### DATA PROVIDED
_ _ _
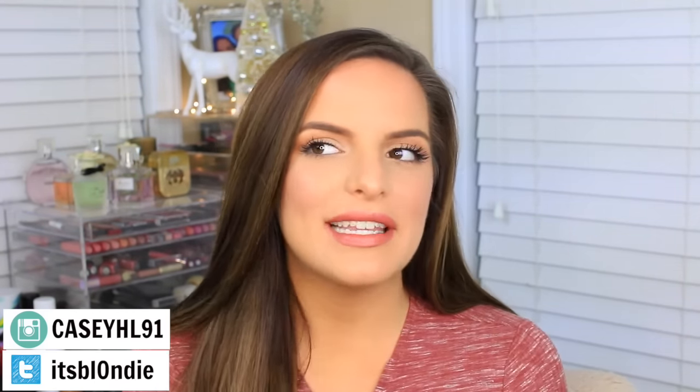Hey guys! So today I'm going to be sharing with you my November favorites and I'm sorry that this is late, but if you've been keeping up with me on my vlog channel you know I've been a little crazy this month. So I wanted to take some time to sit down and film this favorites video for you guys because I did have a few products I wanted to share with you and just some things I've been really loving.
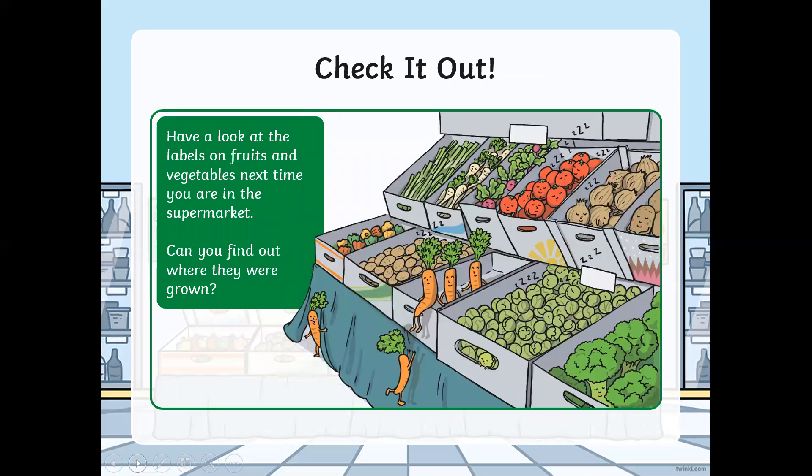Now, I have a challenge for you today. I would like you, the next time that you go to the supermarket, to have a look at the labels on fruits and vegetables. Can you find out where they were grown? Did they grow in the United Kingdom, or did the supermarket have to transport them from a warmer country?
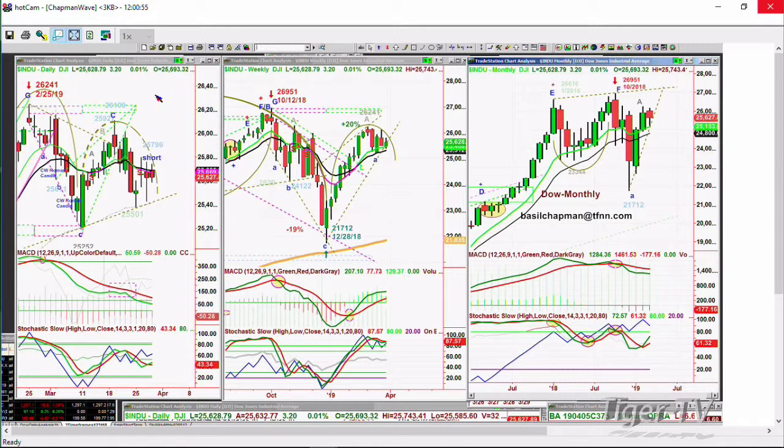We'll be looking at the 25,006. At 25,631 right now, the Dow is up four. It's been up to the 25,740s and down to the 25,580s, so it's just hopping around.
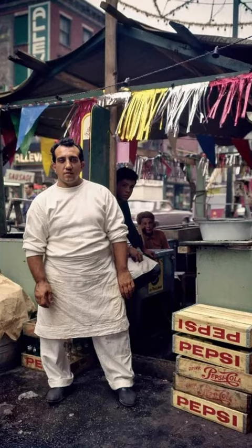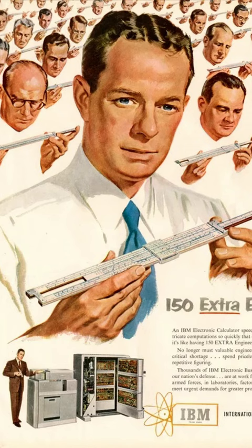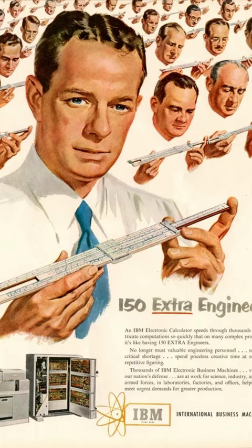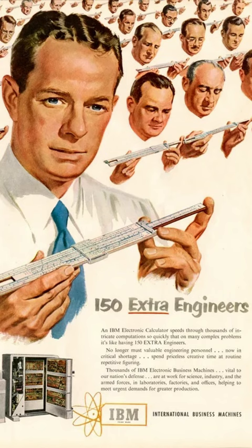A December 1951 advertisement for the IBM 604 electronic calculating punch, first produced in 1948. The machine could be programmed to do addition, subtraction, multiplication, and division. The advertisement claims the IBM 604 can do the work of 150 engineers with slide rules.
_ _ _
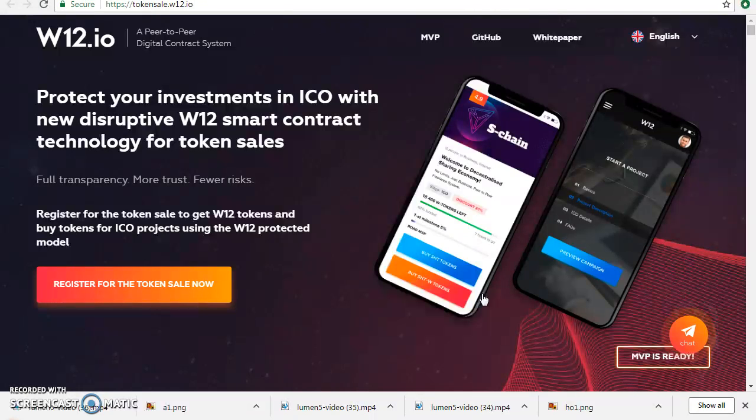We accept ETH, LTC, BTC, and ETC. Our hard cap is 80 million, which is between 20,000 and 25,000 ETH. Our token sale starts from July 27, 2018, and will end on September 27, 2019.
_ _ _
### AIM OF THE EXERCISE
What's needed is an exact copy of the records above from the line containing "Hey guys! So" down to the line containing "A December 1951", both included, without any pictures.

### PROBLEM SOLUTION
Hey guys! So today I'm going to be sharing with you my November favorites and I'm sorry that this is late, but if you've been keeping up with me on my vlog channel you know I've been a little crazy this month. So I wanted to take some time to sit down and film this favorites video for you guys because I did have a few products I wanted to share with you and just some things I've been really loving.
Now, I have a challenge for you today. I would like you, the next time that you go to the supermarket, to have a look at the labels on fruits and vegetables. Can you find out where they were grown? Did they grow in the United Kingdom, or did the supermarket have to transport them from a warmer country?
We'll be looking at the 25,006. At 25,631 right now, the Dow is up four. It's been up to the 25,740s and down to the 25,580s, so it's just hopping around.
A December 1951 advertisement for the IBM 604 electronic calculating punch, first produced in 1948. The machine could be programmed to do addition, subtraction, multiplication, and division. The advertisement claims the IBM 604 can do the work of 150 engineers with slide rules.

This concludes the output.